Existing assessments of student performance are diverse and are guided by different purposes (see, e.g., Bond, 1995). The committee recognizes in the legislation that requested this study a desire to bring about greater comparability among tests in the United States, while upholding traditions of state and local control of education and respecting the substantial public and private investments that have been made in developing educational tests and assessments. In a word, we interpret the charge to us as an expression of Congress's desire to forge some unity of interpretation within a heterogeneous system of testing and assessment. The focus of this report is whether an equivalency scale can be developed to accomplish that goal, the educational assessment equivalent of “e pluribus unum.”
PURPOSES OF LINKAGE
In formulating the question for this study, Congress was not explicit about the purposes of the proposed linkages. However, because the study originated in the vigorous debate about the President's proposal for voluntary national testing, the committee assumes that Congress sees linkage as a possible
substitute for the voluntary national tests. For example, if linkages could be developed that would permit the scores of individual students on existing tests and assessments to be compared with each other and reported in terms of the achievement levels used by NAEP, it might show which state tests are less challenging than others and whether individual children are reaching achievement levels defined by NAEP. Moreover, the information might be used by parents to work for improvements in their schools and school districts (Smith, Stevenson, and Li, 1998).
SCOPE OF THIS STUDY
The primary focus of the committee's examination is linkage among the tests and assessments currently used by states and districts to measure individual students' educational performance. The committee uses the terms “test” and “assessment” interchangeably, following Shepard (1994). If there is a difference between these two terms it is one of emphasis: a test usually refers to a particular coherent testing instrument; an assessment is more likely to refer to a system that involves more than one test.

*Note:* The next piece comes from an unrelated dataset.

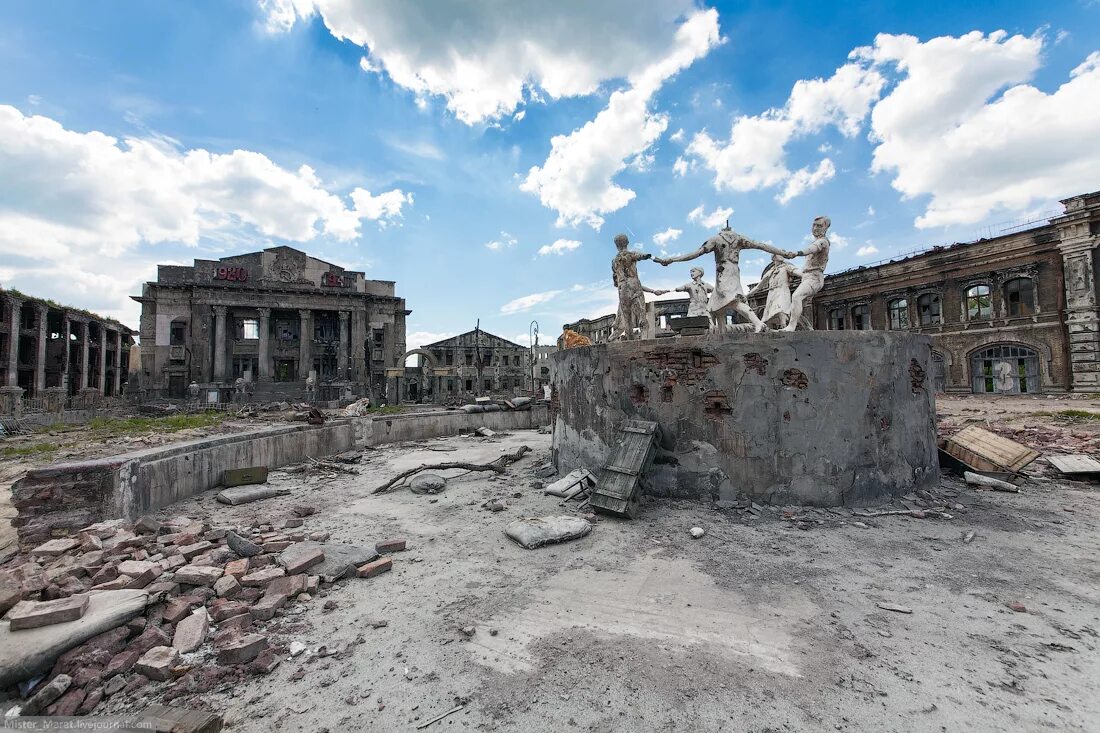 Сталинград центр города. 1925 — город царицын переименован в сталинград (ныне волгоград). Сталинград город сейчас. Город герой волгоград. Священные руины сталинграда.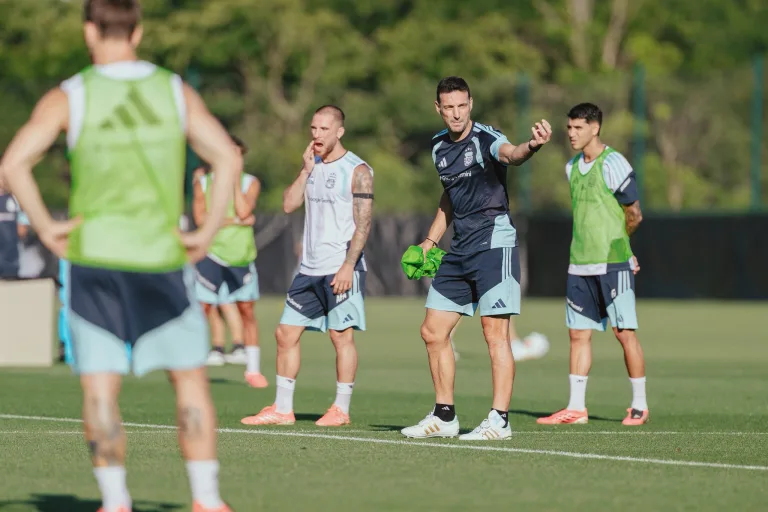 Argentina inicia el camino hacia la defensa del título frente a Argelia en el debut mundialista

This interpretation of our charge has led the committee to focus its deliberations on two principal issues:
-
the degree to which existing state and commercial tests and assessments can be linked to each other on a common scale, permitting individual scores from different tests and assessments to be compared; and
-
whether scores on existing state and commercial tests and assessments can be interpreted in terms of NAEP's achievement levels, so that parents can know how well their children are doing as measured against national benchmarks.
The committee has a large field of inquiry and a short time frame in which to analyze evidence and arrive at conclusions. The committee is examining a substantial amount of data about selected state and commercial tests and assessments that are likely candidates for the types of linkage suggested by the legislation. We are specifically investigating:
-
common uses of these tests;
-
diversity in their content and format;
-
their measurement properties, such as their difficulty and the reliability of their scores (by reliability we refer to their consistency over time);
-
the degree to which state and district tests change over time; and
-
the degree to which state policies affect uses and interpretations of test results.
To evaluate the methodological and technical issues involved in establishing linkages between these kinds of tests, the committee is reviewing past efforts to link different tests and assessments to each other and to NAEP. We are giving particular attention to the purposes of these linkages as we explore research on alternative methodologies and the validity of inferences drawn from the linked results. Where possible, we illustrate our empirical findings with examples from math and reading tests, the focus of much of today's policy debate.